● RECORDS TO PROCESS:
⟨

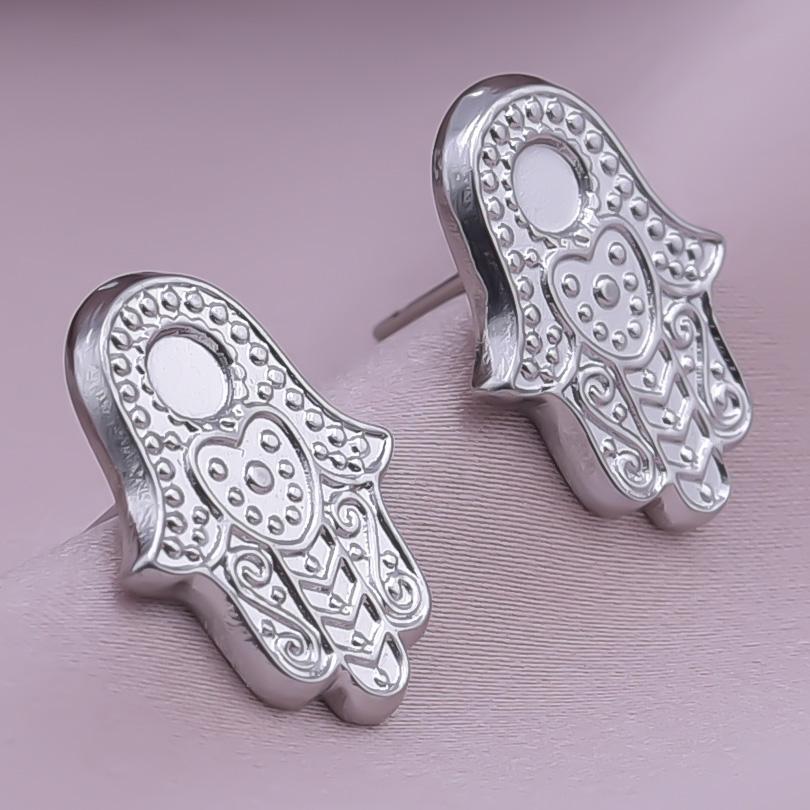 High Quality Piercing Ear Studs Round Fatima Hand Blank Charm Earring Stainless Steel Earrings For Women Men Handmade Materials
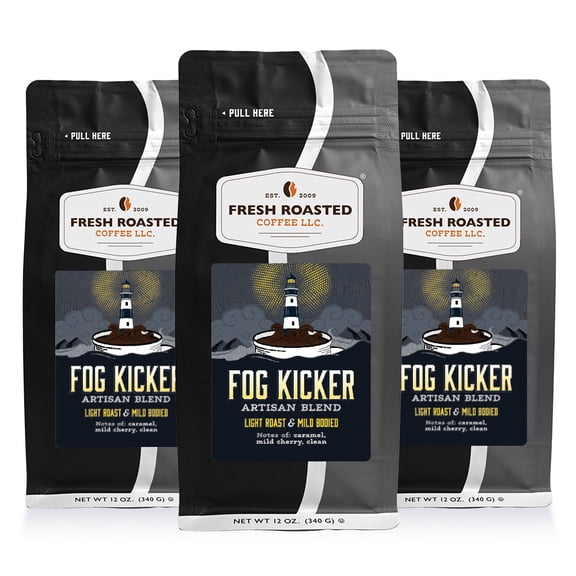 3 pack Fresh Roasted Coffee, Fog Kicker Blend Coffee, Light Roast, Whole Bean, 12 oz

⟩
⟨

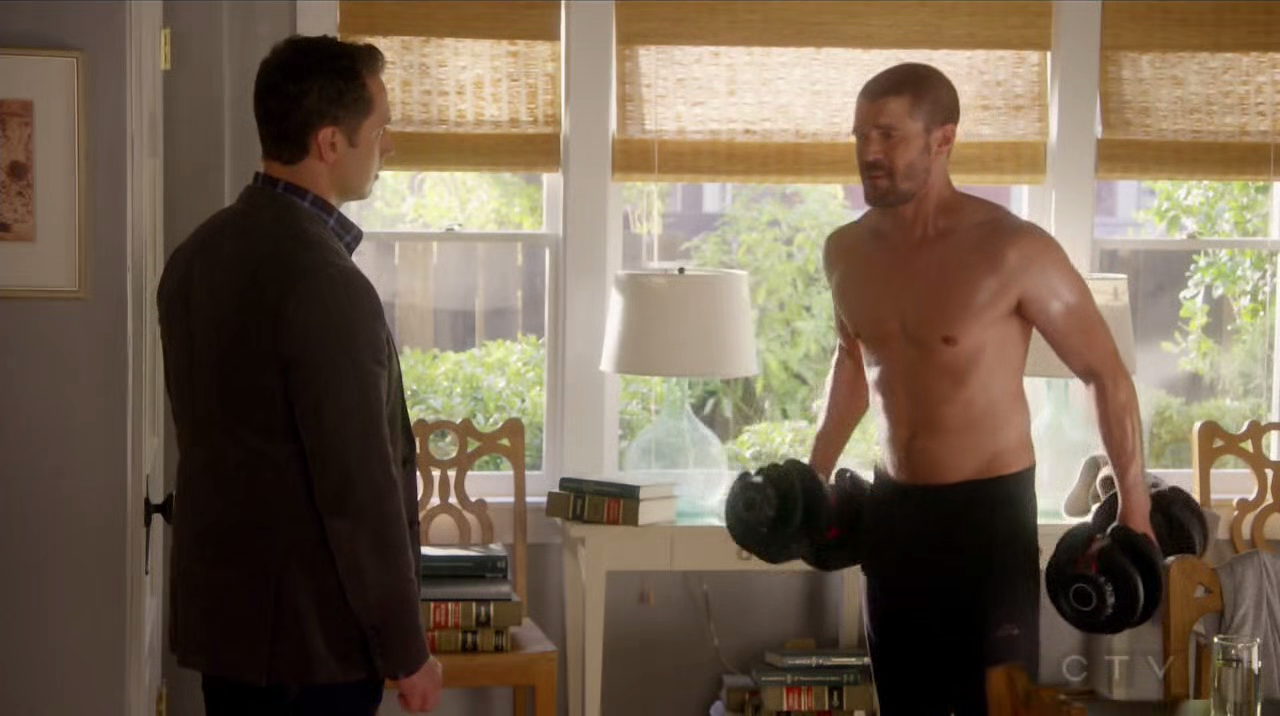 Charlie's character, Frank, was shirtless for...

⟩

● WHAT YOU WILL DO:
Copy word for word the lines above, starting at the line containing "High Quality Piercing" and ending at the line containing "3 pack Fresh", inclusive, with no pictures.

● RESULT OF THE EXERCISE:
 High Quality Piercing Ear Studs Round Fatima Hand Blank Charm Earring Stainless Steel Earrings For Women Men Handmade Materials
 3 pack Fresh Roasted Coffee, Fog Kicker Blend Coffee, Light Roast, Whole Bean, 12 oz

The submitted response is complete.